Помнится, все они собрались на главной площади и пили лимонад. Я увидел Моник и успокоился. Когда она с группой, я не волнуюсь. Но если ее с ними нет или она с кем-то ушла, я чувствую себя несчастным, впадаю в тоску, становлюсь скучным — un jaloux[354]. Именно в Толедо я почувствовал, что разрываюсь между Нанни и Моник. В группе юных людей неизбежно происходит разделение на пары. Олени-самцы обхаживают молодых самок — психологически обхаживают. Я видел, как этот процесс захватил многих: девушки то потупляли взоры, то играли глазками, звучал смех, юноши напускали на себя важность, объединялись, издавали трубные звуки. Тяжелая атмосфера. Влюбленные пары не расстаются ни на миг, они все время вместе, целуются, сидя рядом в автобусе, куда-то вместе исчезают. У других, не нашедших пары, несчастный вид. Ведь для молодых любое путешествие — путешествие в страну любви. Карта Нежности мадемуазель де Скюдери, где путешественник выезжает из селения Новая дружба и переживает все чувства от Ненависти до Любви[355]. Я разрывался между этими двумя пунктами. Нанни находилась у подножия гор, миленькая, даже красивая, хотя в выражении ее лица было нечто капризное, что-то от женской своенравности, — у нее легко менялось настроение. Любит танцы, веселье, жизнь, однако не самодостаточная, ее нужно развлекать. Моник — высоко в горах, очень далеко от меня, но гораздо прекраснее; совершенная лучезарная красота сочетается у нее с периодами сурового аскетизма. Недоступная, но ближе к небесам, и, если не считать моменты острого одиночества, в конце я уже не колебался, кого предпочесть. Не думаю, что Нанни в определенном смысле было бы трудно добиться, а вот Моник — полностью исключено. Нанни олицетворяет компромисс, Моник — идеал.
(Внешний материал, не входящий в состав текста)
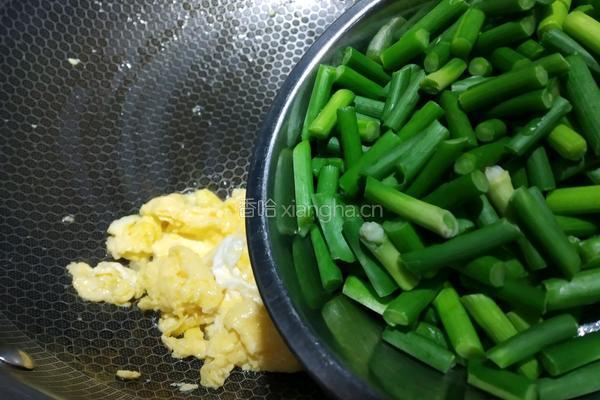 外婆菜炒鸡蛋的做法图解8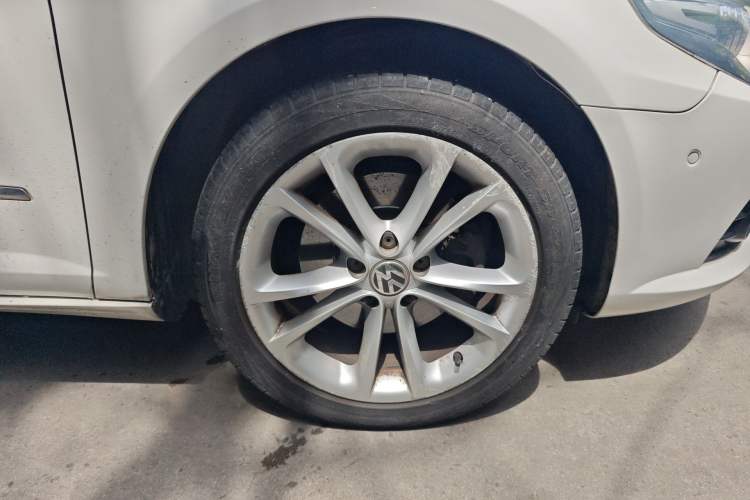 Used Volkswagen FAW-Volkswagen CC 2013 1.8TSI Luxury Model Right Front Wheel Hub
Одну я забуду, вторую — никогда.
В Моник уживаются две крайности: озорство бесенка — тогда она похожа на малого ребенка, и внезапная замкнутость, полная внутренняя закрытость — тогда кажется, что она вдвое старше своего возраста. В ней нет ничего постоянного, все ее настроения изменчивы. Радужный темперамент.
Седьмой день. На следующее утро едем вокруг холмов, окружающих Толедо, вся группа восхищается видом города, его домами. Но я в Греции привык к белому цвету, эти дома кажутся мне грязными, тусклыми, мрачными. Ущелье с протекающей внизу мутной Тахо не могло не повлиять на Эль Греко. Городской пейзаж вызывает мысль о чистилище. По старому мосту вновь въезжаем в город. Я сделал два снимка, умудрившись в оба включить Моник. В действительности на этот раз на всех моих фотографиях была она.
Восьмой день. Едем весь день. Утром я занял место рядом с Моник, которая устроилась в уголке. У нее есть еще один soupirant[356], кузен Андре, милый юный простак, моложе ее; эта копия моего либидо повсюду следует за ней. Я сел на его место, чтобы быть ближе к Моник; после этого случая он перестал мне доверять. Мы подъехали к Сьерра-Морене, пленительному пейзажу после надоевших равнин. Автобус несколько раз останавливался, и все выходили осмотреться. Обычно я люблю остановки в дороге, но в этот раз мне не хотелось терять место рядом с Моник. Я поймал богомола и напугал им девушку. Она извлекла свой блокнот и что-то написала в нем, загадочно улыбаясь. Похоже, то были стихи. Я спросил, так ли это.
— C’est pour moi. Personne d’autre ne le comprendra[357]. — И Моник положила блокнот в свою холщовую сумку. Поношенную серо-голубую сумку, на ней красным и желтым шелком вышиты две головы: одна мужская, слегка ассирийского типа; другая — девичья, и еще ее инициалы М. Б.
Помнится, мы как раз подъезжали к деревне, где собирались поесть. Она увидела, что я смотрю на вышивку, и вдруг произнесла:
— C’est moi et mon Jules[358].
Я словно полетел в пропасть.
— Tiens, — продолжала она, — je vais vous montrer sa photo. Vous m’en direz quelque chose de gentil, hein?[359]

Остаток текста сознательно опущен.